▶ _What is required_: The answer should match the entries below word for word, minus their pictures.

--- Input material ---

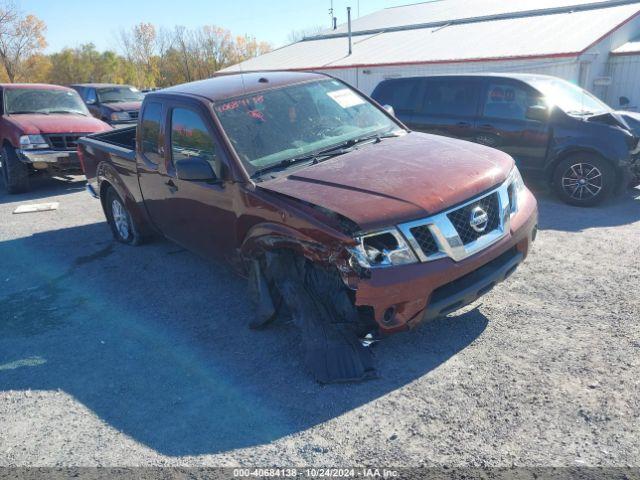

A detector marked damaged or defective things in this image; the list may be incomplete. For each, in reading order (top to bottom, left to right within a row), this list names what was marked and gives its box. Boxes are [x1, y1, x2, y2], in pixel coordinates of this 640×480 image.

damaged nissan frontier [76, 72, 540, 382]
broken headlight [350, 228, 420, 268]
cracked bumper [352, 188, 536, 334]
broken headlight [508, 167, 528, 216]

---

▶ _Your solution_:
A detector marked damaged or defective things in this image; the list may be incomplete. For each, in reading order (top to bottom, left to right within a row), this list names what was marked and gives its box. Boxes are [x1, y1, x2, y2], in pixel coordinates of this 640×480 image.

damaged nissan frontier [76, 72, 540, 382]
broken headlight [350, 228, 420, 268]
cracked bumper [352, 188, 536, 334]
broken headlight [508, 167, 528, 216]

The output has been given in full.